The Dancing President

The Dancing President

Published: April 27, 2011 (Issue # 1653)

Last week, everyone was transfixed by President Dmitry Medvedev’s moves on the dance floor after some rat leaked a video from his university reunion to YouTube. On a stage in broad daylight, he flails away valiantly to some of the worst music of the 1980s.

The video had been watched more than 1.4 million times on YouTube last Thursday, and for true aficionados, Lifenews.ru had a longer eight-minute cut for the full awkward experience.

“It has to be a fake, tell me it’s a fake,” the spokeswoman for the pro-Kremlin youth group Nashi, Kristina Potupchik, wrote on Twitter, her faith in the Kremlin apparently shot to the core, after herding thousands of the faithful in white aprons on the weekend.

My sympathies went out to Medvedev for having to attend what looked like the worst party ever, although I was less sympathetic when I read on Life News that he had organized it. Certainly it is no ordinary reunion. Instead of 1980s pop on the turntables, it has the actual singers performing on stage. The group Kombinatsia belts out its hit “American Boy,” a classic about a Russian girl who wants to be whisked away to the States and ride in a Mercedes.

There are conspiracy theories out there about the video’s release having something to do with Russia’s position on Libya because the name of the YouTube account is KremlinLivia, or Libya in Russian. I wonder if it is meant to be a play on the word “live,” though. But my goodness, if that is the worst dirt they can find, Medvedev has nothing to worry about. He’s no dancer and should ditch the shiny jacket, but he looks better than many of his matronly or portly contemporaries. What intrigued me was his apparent lack of interaction with the other dancers, almost as if he paid for the party but still can’t be the popular kid.

The awkward men of the world probably took heart from the spy Anna Chapman’s interview with the Sun, in which she confessed that she fell in love with her British husband because he had long hair like Oasis star Liam Gallagher and wore clumpy Clarks shoes — the sensible brand loved by parents.

“Whenever he rolled his tobacco and wore his loose-hanging jeans, with his Clarks shoes and Liam Gallagher-style hair, it took my breath away,” she gushed, praising his “aristocratic beauty.”

In a far-from-gentlemanly fashion, her now ex-husband, Alex Chapman, sold or gave photographs of Chapman topless to The Daily Telegraph, sealing her reputation as the “hot” spy. Later some unpleasantly private photographs of her lying in the bath, taken by another British ex, were published in Playboy.

Chapman said she cried when she saw the Playboy photographs, calling them the “final blow.”

And she delicately skewered her ex-husband, suggesting that he is a complete loser. He is “an incredible, talented person who still hasn’t yet found himself in this life,” she commiserated sweetly. Meanwhile she is shooting up the ranks of United Russia’s youth wing and working as a mysterious bank “consultant,” not to mention shots at modeling and hosting a creaky television show.

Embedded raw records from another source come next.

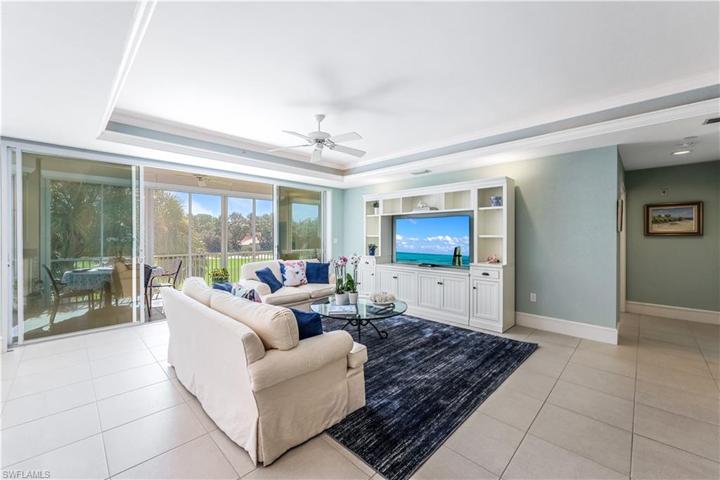 Living area has beautiful landscaped and golf course views.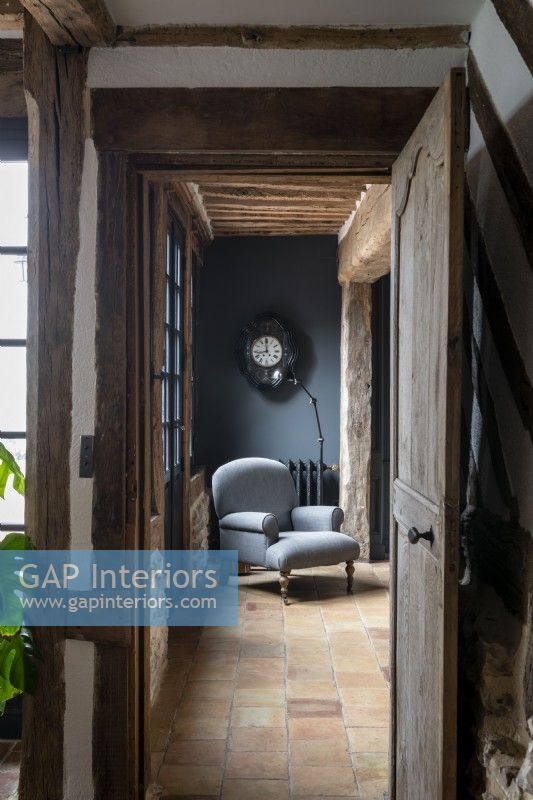 Antique grey chair in country hallway with stone tiled floor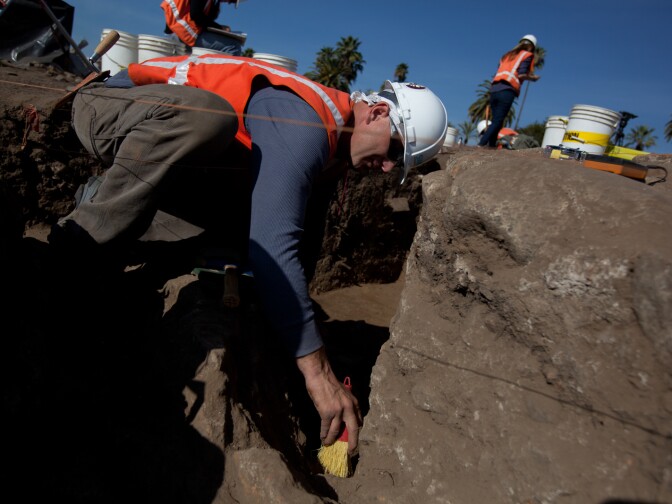 Archaeologist Henry Chodsky clears dust from the wall of an adobe house discovered in an excavation near the San Gabriel Mission.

Perhaps Mr. Chapman should turn to the power of prayer, like ballerina Anastasia Volochkova, who told Komsomolskaya Pravda that her latest toy, a two-tone Maybach car, appeared through divine intervention.

After posting photos of the blue-and-white car on her blog, she told the tabloid: “I prayed to God. He heard my prayers. I walked out into the street, and it was parked there.” Although oddly for a gift from God, she knew the exact price tag: 3 million rubles ($100,000).